Toutefois, il est également porteur d’innovations bienvenues. Je veux parler du tirage au sort, qui est, selon nous, un moyen utile de compléter la démocratie représentative et de revitaliser le débat démocratique. Contrairement à ce qui a pu être avancé dans l’hémicycle et en commission, cette procédure ne nous paraît pas mener à une « démocratie de la courte paille ».
Sans vouloir remettre en cause la légitimité de la Haute Assemblée, il suffit d’un regard pour voir que nous ne sommes pas totalement représentatifs de la société française. S’appuyer, pour mener à bien notre mission de législateur, sur des assemblées de citoyens tirés au sort et représentant une diversité de points de vue enrichirait, selon nous, le processus de concertation et de prise de décision, et renforcerait notre légitimité de parlementaires, par le biais tant d’une amélioration de la qualité des décisions que du renouvellement du lien de confiance avec les citoyens.
La complexité des enjeux de société suppose davantage de démocratie dans l’élaboration des choix. Le citoyen éclairé est un nouvel acteur de la démocratie, la Convention citoyenne pour le climat en est la preuve. Nous défendrons donc des amendements visant à rétablir les processus de consultation par tirage au sort et de participation de personnes tirées au sort aux commissions du CESE. Bien sûr, pour que cet exercice réussisse, il faut des garde-fous : une information éclairée, des processus encadrés. Cela doit s’accompagner de fortes garanties, et nous avons déposé des amendements en ce sens.

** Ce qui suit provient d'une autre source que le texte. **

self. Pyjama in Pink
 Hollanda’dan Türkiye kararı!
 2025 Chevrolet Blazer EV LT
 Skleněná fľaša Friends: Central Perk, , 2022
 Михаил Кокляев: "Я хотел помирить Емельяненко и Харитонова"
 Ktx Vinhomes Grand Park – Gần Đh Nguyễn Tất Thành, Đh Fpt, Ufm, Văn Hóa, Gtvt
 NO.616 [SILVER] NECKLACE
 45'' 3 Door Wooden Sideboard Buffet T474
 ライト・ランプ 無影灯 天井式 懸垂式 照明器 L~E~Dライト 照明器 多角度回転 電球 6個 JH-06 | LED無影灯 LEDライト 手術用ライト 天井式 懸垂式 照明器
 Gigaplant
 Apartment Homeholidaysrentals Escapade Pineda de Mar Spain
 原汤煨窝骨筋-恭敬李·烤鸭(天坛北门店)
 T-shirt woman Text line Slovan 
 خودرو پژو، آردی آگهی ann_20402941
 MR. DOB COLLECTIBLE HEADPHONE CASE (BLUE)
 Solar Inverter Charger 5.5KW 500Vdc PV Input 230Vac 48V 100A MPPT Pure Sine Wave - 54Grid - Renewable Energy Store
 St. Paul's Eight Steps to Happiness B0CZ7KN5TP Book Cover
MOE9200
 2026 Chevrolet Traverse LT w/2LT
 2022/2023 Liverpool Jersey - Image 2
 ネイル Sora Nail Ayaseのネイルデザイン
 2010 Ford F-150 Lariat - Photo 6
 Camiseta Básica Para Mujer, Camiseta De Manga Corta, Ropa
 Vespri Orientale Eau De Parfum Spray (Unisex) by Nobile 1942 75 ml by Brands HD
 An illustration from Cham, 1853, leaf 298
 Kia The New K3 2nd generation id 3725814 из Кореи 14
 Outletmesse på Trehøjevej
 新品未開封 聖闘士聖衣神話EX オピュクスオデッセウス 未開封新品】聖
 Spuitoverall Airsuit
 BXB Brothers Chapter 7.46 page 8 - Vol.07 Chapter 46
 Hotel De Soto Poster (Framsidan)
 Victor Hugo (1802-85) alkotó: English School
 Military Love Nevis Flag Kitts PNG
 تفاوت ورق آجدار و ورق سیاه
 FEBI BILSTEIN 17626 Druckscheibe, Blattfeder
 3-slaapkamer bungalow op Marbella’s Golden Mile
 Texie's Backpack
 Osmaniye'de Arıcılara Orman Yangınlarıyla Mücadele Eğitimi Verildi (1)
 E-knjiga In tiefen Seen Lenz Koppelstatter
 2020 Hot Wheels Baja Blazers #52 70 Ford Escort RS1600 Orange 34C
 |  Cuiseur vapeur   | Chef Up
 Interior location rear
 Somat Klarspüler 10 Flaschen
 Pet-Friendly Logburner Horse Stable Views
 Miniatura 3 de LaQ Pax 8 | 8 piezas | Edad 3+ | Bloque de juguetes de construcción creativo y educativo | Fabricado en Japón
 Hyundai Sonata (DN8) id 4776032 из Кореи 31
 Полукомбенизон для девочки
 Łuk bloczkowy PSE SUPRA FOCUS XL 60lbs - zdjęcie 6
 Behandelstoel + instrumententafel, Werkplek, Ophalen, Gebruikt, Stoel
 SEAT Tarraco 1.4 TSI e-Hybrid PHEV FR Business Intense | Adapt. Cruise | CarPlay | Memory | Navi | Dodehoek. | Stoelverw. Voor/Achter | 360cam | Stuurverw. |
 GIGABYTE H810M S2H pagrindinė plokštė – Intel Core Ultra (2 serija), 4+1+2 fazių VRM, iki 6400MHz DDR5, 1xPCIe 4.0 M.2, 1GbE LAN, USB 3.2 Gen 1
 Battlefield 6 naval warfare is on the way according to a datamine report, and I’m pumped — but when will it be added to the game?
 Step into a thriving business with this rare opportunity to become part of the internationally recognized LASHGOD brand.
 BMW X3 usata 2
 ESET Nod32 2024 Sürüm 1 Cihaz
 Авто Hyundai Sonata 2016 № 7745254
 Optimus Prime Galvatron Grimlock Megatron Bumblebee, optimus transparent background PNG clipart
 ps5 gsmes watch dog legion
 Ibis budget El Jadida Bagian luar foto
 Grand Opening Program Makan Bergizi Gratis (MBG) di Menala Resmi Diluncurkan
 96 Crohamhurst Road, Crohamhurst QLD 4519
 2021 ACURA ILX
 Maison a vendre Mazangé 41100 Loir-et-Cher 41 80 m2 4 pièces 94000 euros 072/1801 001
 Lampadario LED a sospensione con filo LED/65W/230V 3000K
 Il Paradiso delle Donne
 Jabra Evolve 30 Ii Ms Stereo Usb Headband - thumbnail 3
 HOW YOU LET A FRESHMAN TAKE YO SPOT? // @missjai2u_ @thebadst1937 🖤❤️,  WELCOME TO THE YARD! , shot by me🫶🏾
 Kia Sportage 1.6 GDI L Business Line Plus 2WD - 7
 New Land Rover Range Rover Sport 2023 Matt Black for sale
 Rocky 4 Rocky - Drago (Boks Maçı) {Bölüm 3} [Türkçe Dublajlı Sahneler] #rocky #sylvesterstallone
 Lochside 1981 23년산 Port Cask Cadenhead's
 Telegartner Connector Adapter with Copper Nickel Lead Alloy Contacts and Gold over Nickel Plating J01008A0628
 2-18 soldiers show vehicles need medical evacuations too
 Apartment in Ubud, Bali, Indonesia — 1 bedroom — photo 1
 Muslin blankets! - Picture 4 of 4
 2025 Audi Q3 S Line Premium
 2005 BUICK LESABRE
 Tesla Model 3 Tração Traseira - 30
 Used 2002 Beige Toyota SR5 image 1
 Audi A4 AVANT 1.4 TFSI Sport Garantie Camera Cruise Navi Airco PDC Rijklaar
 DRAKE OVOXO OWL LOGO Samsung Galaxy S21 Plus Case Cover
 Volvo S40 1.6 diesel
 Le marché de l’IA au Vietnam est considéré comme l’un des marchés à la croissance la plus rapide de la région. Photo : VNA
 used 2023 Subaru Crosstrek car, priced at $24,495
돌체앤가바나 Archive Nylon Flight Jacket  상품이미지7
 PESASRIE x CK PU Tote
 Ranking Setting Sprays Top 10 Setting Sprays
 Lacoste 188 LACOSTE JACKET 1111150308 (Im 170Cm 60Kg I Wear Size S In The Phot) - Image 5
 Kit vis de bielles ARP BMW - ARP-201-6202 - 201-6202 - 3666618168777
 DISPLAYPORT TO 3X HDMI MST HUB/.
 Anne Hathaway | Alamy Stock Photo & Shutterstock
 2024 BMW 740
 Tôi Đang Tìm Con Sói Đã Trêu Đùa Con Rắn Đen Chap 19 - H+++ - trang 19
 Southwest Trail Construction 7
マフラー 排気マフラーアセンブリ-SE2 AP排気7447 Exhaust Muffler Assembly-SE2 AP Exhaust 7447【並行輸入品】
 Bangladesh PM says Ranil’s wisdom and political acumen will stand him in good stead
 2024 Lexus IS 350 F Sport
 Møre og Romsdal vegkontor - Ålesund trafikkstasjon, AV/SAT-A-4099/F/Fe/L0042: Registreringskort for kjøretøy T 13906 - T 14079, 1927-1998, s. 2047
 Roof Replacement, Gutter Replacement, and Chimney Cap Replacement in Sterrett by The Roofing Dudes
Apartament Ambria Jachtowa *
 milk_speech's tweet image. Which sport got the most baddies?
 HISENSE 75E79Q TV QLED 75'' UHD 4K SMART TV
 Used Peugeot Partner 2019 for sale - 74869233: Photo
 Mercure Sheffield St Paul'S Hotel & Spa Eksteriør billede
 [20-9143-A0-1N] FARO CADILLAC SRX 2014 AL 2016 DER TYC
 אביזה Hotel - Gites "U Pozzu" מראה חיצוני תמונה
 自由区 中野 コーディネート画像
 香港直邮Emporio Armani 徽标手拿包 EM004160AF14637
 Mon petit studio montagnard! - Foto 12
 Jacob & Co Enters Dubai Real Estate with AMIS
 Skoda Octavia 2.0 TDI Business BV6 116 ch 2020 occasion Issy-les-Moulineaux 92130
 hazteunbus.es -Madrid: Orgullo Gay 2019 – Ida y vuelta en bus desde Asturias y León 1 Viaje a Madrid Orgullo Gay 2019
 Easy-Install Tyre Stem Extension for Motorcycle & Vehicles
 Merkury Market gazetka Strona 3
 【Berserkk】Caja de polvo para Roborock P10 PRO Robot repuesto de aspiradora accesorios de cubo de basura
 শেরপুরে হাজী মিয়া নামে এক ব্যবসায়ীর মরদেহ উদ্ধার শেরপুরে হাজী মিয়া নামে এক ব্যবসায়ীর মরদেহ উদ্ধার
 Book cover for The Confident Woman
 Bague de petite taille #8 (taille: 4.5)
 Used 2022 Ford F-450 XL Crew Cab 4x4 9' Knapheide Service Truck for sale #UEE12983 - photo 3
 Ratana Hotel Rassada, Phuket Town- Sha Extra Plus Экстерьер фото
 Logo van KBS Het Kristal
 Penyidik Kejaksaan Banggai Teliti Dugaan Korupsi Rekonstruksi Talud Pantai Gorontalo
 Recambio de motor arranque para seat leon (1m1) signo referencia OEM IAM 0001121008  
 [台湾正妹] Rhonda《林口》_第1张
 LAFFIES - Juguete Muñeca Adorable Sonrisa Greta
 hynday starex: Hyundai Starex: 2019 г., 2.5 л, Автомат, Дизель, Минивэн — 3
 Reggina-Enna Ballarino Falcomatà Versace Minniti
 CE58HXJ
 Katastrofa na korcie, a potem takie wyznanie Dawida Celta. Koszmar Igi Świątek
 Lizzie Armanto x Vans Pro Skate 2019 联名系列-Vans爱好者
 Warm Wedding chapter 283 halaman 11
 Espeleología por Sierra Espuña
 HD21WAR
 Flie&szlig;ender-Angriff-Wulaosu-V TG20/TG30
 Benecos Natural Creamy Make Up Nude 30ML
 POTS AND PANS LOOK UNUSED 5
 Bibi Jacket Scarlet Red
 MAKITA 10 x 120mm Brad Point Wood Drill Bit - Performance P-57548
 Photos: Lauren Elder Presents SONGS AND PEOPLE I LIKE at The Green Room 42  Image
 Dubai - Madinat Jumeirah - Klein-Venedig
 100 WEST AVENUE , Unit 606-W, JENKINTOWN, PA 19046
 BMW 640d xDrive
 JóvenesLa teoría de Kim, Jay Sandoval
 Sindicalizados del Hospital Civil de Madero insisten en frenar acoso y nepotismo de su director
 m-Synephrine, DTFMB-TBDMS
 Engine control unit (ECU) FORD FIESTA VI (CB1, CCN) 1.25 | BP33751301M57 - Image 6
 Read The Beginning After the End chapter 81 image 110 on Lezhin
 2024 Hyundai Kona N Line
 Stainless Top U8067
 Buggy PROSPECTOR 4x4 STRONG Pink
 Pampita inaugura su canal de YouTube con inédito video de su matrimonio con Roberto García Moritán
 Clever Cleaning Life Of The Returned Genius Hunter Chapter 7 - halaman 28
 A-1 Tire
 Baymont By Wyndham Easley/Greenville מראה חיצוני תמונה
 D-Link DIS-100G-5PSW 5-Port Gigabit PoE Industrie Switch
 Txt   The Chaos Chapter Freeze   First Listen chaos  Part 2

Nous soutenons également les dispositions tendant à faciliter la saisine du CESE par voie de pétition, et ce dès 16 ans.
Enfin, nous souhaitons renforcer, au travers de ce texte, la place des enjeux environnementaux au sein du CESE. En effet, vous le savez tous, ces enjeux sont de plus en plus présents dans nos vies. Les effets du changement climatique se font très concrètement ressentir : tensions sur l’utilisation de la ressource en eau, difficultés agricoles et augmentation des catastrophes naturelles – le changement climatique est, selon une alerte de l’ONU datée de ce lundi 12 octobre, le principal responsable du doublement des catastrophes naturelles dans le monde en vingt ans. De même, la perte de biodiversité s’accélère.